The current budget for the Pan Am Games calls for $1.4 billion, plus an additional billion to pay for the Athletes’ Village. “For sure the number is vastly higher; they just don't want to tell people that,” says Shaw.

He points to the Vancouver Olympics as an example of a similar sporting event whose budget has vastly expanded. The original budget for the Vancouver Games was $660 million, but that number has since escalated to $6 billion. If the budget for the Pan Am Games were to similarly escalate, the Ontario Government has agreed to cover additional costs.

Toronto's Bid Book reveals some details of the security plan for 2015:

• Security will be directed by an Integrated Security Unit (ISU), led by the Ontario Provincial Police (OPP), incorporating at least nine other police forces, including the RCMP and Toronto Police;

• A Joint Intelligence Group (JIG) will be established to “proactively detect and prevent criminal activity, including acts of terrorism and violent or destructive activist behaviour;”

• 2,000 security volunteers will be recruited; 

• “State-of-the-art security and monitoring technology” will be acquired to “protect Games venues, participants and spectators;”

• “Approximately 1,000 highly-trained professional police and law enforcement [officers]” will be deployed at “peak days during the 2015 Games,” as well as “1,500 private security personnel.” The Bid Book also states, “While not anticipated, resources from the Canadian Forces could be utilized if necessary.”

“They are hallucinating; they are lying to you through their teeth,” said Shaw upon hearing the number of officers to be deployed.

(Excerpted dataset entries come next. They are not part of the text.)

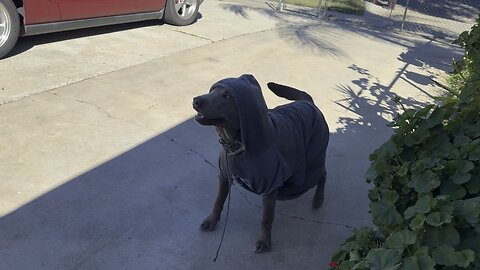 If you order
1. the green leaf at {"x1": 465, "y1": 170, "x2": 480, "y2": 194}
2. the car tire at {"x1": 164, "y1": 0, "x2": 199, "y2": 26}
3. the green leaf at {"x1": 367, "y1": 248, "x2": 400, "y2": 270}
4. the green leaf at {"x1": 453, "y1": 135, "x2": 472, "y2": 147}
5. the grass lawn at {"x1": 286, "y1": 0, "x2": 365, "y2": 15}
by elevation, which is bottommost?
the grass lawn at {"x1": 286, "y1": 0, "x2": 365, "y2": 15}

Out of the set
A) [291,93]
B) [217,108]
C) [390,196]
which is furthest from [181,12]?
[390,196]

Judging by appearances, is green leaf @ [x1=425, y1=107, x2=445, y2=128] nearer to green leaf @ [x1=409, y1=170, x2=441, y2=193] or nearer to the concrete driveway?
green leaf @ [x1=409, y1=170, x2=441, y2=193]

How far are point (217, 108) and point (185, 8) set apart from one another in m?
6.51

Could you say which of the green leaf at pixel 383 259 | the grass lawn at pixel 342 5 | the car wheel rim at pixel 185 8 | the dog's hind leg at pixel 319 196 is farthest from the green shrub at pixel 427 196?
the grass lawn at pixel 342 5

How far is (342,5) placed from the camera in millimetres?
13195

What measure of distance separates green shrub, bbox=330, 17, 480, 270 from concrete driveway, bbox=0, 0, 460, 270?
1.16 meters

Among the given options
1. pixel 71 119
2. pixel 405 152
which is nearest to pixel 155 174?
pixel 71 119

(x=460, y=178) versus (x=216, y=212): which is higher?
(x=460, y=178)

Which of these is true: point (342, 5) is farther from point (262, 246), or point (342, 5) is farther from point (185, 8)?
point (262, 246)

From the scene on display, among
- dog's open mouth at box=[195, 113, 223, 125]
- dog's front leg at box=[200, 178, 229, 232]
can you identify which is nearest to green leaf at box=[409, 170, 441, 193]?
dog's open mouth at box=[195, 113, 223, 125]

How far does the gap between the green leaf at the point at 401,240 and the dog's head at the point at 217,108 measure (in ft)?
3.56

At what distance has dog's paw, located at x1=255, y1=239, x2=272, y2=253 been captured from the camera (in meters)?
3.09

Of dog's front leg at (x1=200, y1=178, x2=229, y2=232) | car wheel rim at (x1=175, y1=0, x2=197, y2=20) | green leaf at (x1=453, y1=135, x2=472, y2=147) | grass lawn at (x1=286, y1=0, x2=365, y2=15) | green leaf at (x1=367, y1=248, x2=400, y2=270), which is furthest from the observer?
grass lawn at (x1=286, y1=0, x2=365, y2=15)

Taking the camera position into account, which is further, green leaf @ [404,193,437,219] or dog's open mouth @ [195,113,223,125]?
dog's open mouth @ [195,113,223,125]
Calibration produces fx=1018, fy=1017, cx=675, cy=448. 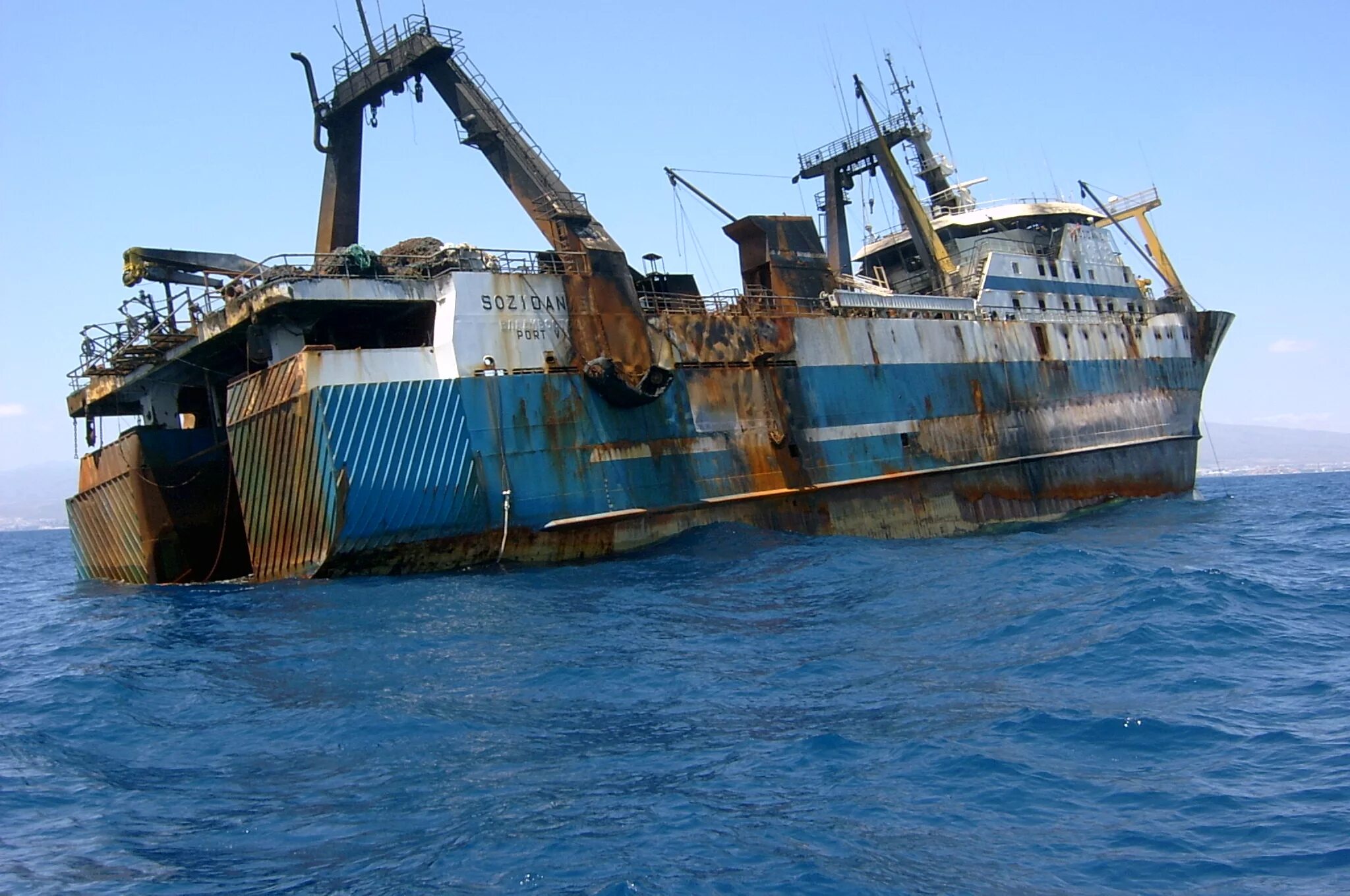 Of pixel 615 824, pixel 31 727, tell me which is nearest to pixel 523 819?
pixel 615 824

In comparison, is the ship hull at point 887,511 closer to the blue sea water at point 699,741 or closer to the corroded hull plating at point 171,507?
the blue sea water at point 699,741

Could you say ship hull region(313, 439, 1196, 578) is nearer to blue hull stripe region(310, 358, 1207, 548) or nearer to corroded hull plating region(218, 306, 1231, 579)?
corroded hull plating region(218, 306, 1231, 579)

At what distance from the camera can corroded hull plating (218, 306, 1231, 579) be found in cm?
1633

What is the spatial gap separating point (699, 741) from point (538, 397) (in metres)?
10.7

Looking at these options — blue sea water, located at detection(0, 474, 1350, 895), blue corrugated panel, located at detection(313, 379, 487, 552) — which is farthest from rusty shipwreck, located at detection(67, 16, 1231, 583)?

He compares these figures to the 15,000 police officers, military and private security being deployed to the Vancouver Olympics, questioning why a similar event would require much less security.

“It is a different kind of an event,” says Pike.  “You don't get the same level of participation from heads of state, so you don't end up with the complexity and the cost of securing for that kind of attendance.”

Pike said she could not comment on the details of the security measures, and referred all questions to the OPP. The OPP did not respond to a request to be interviewed for this story.

The initial price tag on security in Vancouver was $175 million, but by current estimates that will increase to over $900 million. Shaw believes the cost of security for the Pan Am Games will similarly escalate.

Pike also refused to disclose the cost of securing the Games, saying, “It is a confidential number.” 

However, she did confirm the cost of security was within the $1.4 billion budget. While The Dominion was unable to determine the exact cost of security in the Pan Am budget, most security expenses will be paid for from the $167 million allocated to Essential Services. Private security will be paid for from the $55.7 million allocated for Games services. These figures do not include the money being spent on “monitoring technology,” which will likely be part of the $707 million being spent on capital expenditures.

“This is great news,” said a post on the blog Private Security Guy.  “The guarding industry is not the only sector that will benefit from the [Toronto] hosting win. Security integrators and monitoring companies in the region should find a healthy increase in RFP's [contracts to bid on] as the Games approach.”

“I think engaging in any event that has benefits will at the same time have some cost. That is always the case; nothing comes without a price,” says Pike. “However, within my view, an event of this kind ... is going to be an incredibly good event for the city.”

“The city will very rapidly get itself in a deficit position as things get more costly and/or fail,” says Shaw. “These things tend to widely escalate—not because suddenly it becomes more expensive but because they low-ball the numbers in the first place.”

Tim Groves is an investigative researcher based in Toronto.